📝 Was I the asshole? When I was 10 I was punished so I asked my mum for a knife to kill myself with.

By SadFmEnjoyerHDB • Score: 0 • April 8, 2025 12:37 AM


Hi, I'm not sure if this is the correct subreddit, but I've tried a few others and don't know where else to put it, and I need a second opinion. I'm pretty sure I was the asshole, but I just wanted to make sure. I've been thinking about this old memory quite a lot and what it means to me and I want to make sure I understand it properly. I didn't actually end up self-harming, but I was suicidal for a hot minute and I would rather not accidentally set off anyone's triggers.

So when I was around 10 I was studying for these exams called the 11+ to get into a grammar school (a good UK school, basically). My parents wanted me in one and I wanted to make them happy so I agreed to study and go to tuition. Unfortunately I was a pretty shitty student so I slacked off a lot, played games instead of studying when I could sneak off, didn't complete all my tuition HW, etc. Whenever I didn't do my homework properly my parents slapped a few times on the arm and yelled at me and I'd usually cry, but for some reason the message never sank in. Soon I was getting slapped pretty much weekly. I don't think that was abusive. I would never do it to a kid and I think it was shitty, but I think it was fairly typical corporal punishment. My older sister apparently got worse, though I can't remember much of it.

One day I fucked up somehow, I think I got hit or at least yelled at, and I was sent to go study. While I was studying I was brooding and wanting this whole thing to be over and for some reason I legitimately thought it would be a good idea to ask my mother for a knife to kill myself with. I don't know why, maybe I was just looking for attention or something, I think part of me thought that it would work even though that's ridiculous and I was old enough to know it. I remember breaking down crying halfway through asking my mum and my parents being angry and yelling at me afterwards, but no specifics beyond that.

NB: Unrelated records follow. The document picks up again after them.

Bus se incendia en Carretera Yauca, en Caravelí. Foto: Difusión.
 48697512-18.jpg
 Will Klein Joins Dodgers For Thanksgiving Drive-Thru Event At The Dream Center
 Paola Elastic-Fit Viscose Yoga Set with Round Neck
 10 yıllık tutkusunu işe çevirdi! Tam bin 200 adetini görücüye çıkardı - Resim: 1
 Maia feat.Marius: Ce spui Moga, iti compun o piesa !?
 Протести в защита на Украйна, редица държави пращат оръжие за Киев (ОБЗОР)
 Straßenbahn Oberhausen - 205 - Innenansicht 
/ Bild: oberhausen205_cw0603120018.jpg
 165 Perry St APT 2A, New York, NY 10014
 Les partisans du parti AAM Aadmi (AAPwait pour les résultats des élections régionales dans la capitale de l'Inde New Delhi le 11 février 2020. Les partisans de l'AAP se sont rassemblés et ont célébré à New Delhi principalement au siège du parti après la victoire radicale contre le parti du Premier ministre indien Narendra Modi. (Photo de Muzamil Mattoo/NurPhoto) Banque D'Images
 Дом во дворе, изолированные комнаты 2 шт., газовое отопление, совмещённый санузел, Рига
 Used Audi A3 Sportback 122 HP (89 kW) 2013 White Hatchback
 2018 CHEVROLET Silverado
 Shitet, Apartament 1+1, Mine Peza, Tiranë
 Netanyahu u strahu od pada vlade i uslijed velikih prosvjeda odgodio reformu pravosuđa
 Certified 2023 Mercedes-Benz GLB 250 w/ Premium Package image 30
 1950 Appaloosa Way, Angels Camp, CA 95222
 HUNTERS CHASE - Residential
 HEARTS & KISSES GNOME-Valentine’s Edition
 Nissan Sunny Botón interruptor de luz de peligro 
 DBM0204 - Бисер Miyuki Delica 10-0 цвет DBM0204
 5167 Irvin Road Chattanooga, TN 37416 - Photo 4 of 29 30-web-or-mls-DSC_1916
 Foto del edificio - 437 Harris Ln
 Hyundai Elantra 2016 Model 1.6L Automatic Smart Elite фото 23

I was totally overreacting and being a shitty kid, right? Plenty of people undergo corporal punishment. Some people even undergo physical abuse. I bet most of them don't ask their mother for a knife to kill themselves with. The punishment wasn't even that bad, it was only ever on my arm and never left any marks. Legally it can't be called abuse in the UK. Certainly nothing for me to be suicidal over, I don't even remember if they slapped me before I had the most unreasonable crashout of 2013, all I remember was being upset over having been yelled at and maybe crying a little beforehand. I've always been an overly sensitive kid so what happened was probsbly just me being over-emotional and looking for attention because I didn't want to study. What I did was an overreaction from a spoilt kid and gave my parents excess stress and worry, right? Was I the asshole?